Monday, July 4, 2011

The First Stirrings


The year was 1992...out on a date...one of many...the usual dinner and a movie at her place (VHS was all the rage about 20 years ago) and we picked up a Bruce Willis movie, "In Country." Now, I've always liked Bruce Willis but it was the first time he ever made me cry. This simple story of a Vietnam vet, about 17 years after his return to "The World," and the effects of the war on himself, his friends, family and entire rural Kentucky community, was a watershed moment in my own post service life of almost 25 years.

Shortly after that night, the mortgage company for which I worked conducted a sales contest...winner to receive a round-trip flight anywhere in the country and $500 in cash for expenses. I won. I decided to go to Washington D. C. and see "The Wall."

My visit to the memorial was pretty amazing. Looking back at the photos I shot and those that others graciously took of me, of me, I'm amazed at how much younger I was just a little while ago...thinner, taller and with more hair. But I digress.

It was a pretty dismal day...low grey clouds overhead, persistent drizzle, standing water on the ground...a little cool. As I got closer I passed other landmarks, statues, memorials and tourists. Not many obvious veterans but I'm sure they were there.

Then...there it was. A grassy knoll morphed into a long, low line of granite ambushed me, stretching impossibly long into the distance. I was immediately struck by the scope and simplicity of the design...something I had heard about, read about, but found myself still underprepared for the sight.
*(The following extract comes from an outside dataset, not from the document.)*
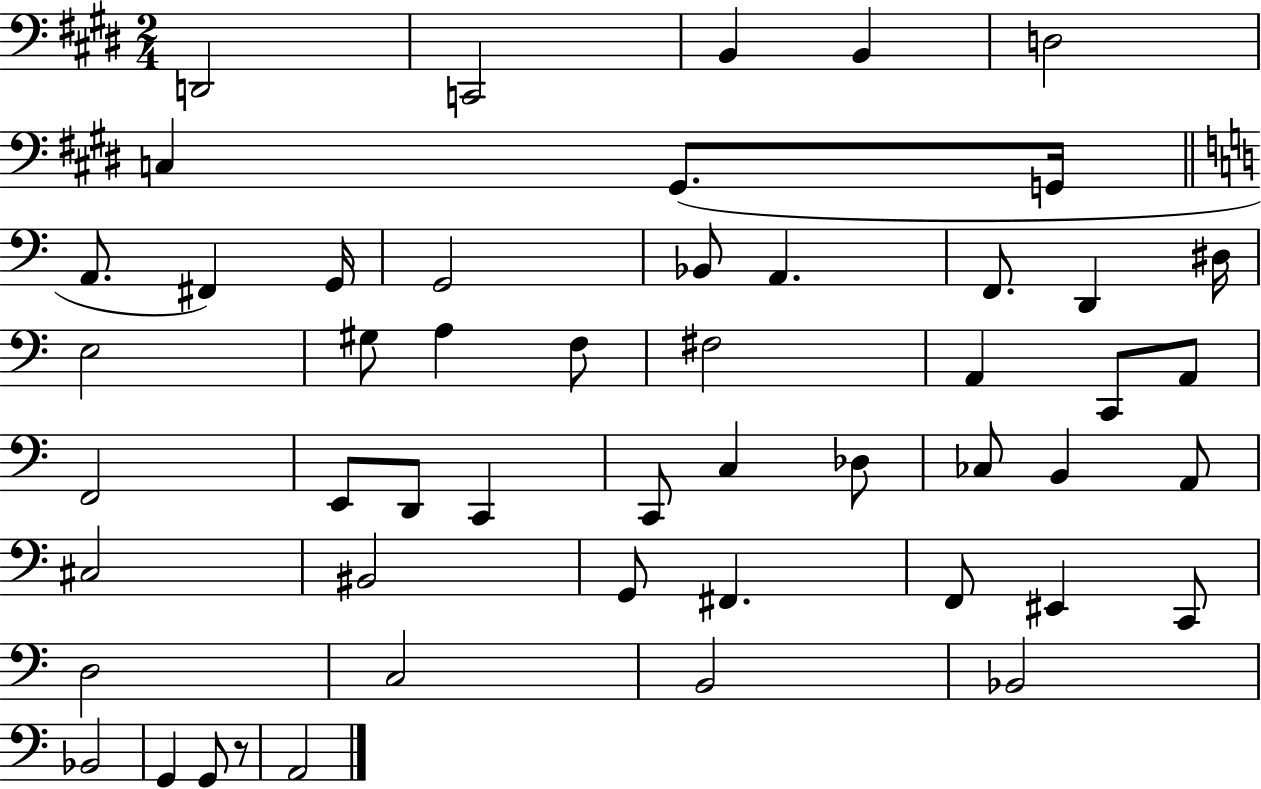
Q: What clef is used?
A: bass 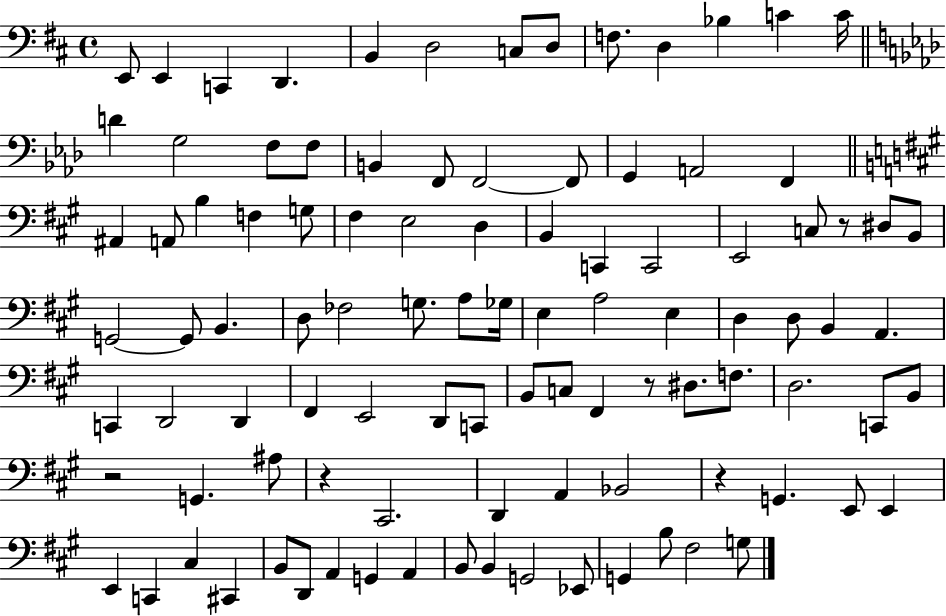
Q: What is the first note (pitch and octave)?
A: E2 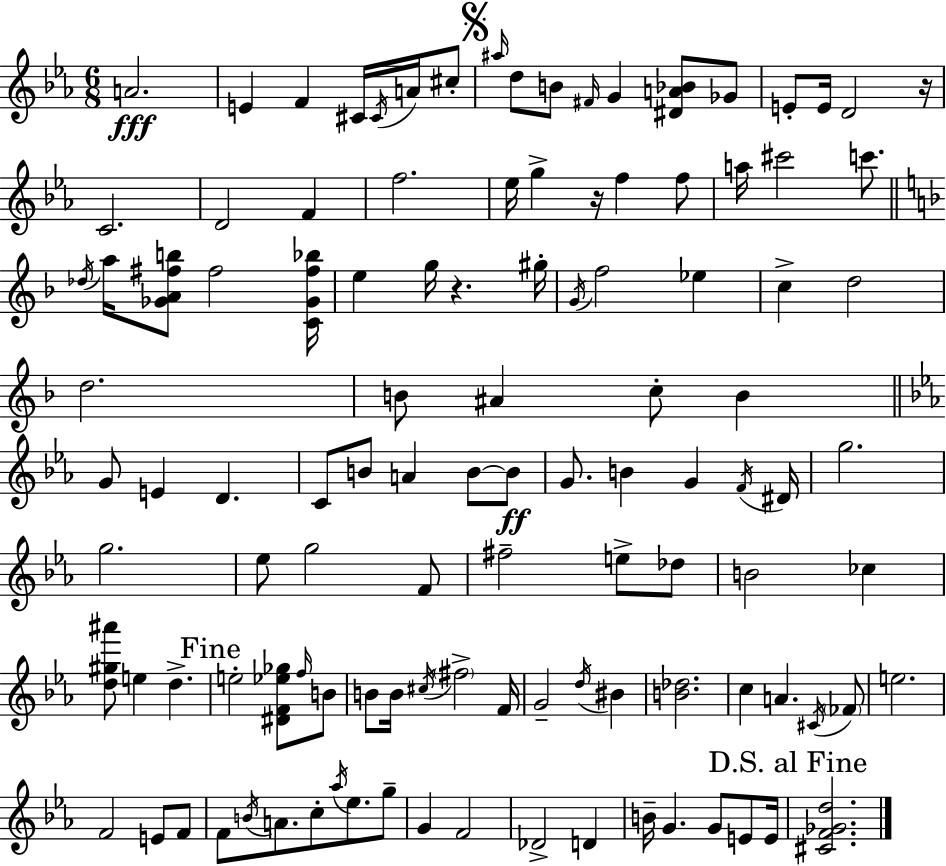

Coincidentally, at that exact moment the mist let up clearing my line of sight and brightening the scene just a little.

Slowly I started down the descending path, watching the level of the granite slabs rise at my side and feeling the names scribed on the wall seep into my consciousness. I hugged the wall, sidestepping flowers and other artifacts and mementos left behind on the low berm, detouring around visitors standing nose to stone, lost in their own thoughts, reflections and heartache.

A specific self set task was to find a few names I knew would be there. Clifford, a high school friend killed in his second tour; Robert, a college roommate shot down while piloting a chopper. George, a shipmate, who died from an on board accident while in the combat zone. Dale, a former shipmate sent back for a second tour only to die in a swift boat.

I had help. There was a wonderful person stationed at the wall with the big book of names and locations. Today that information is available from countless sources but, 20 years ago you needed the book. She found the panels and lines marking the names I was after, helped me get the paper and charcoal I needed to do the rubbings, and cut me loose to do my thing.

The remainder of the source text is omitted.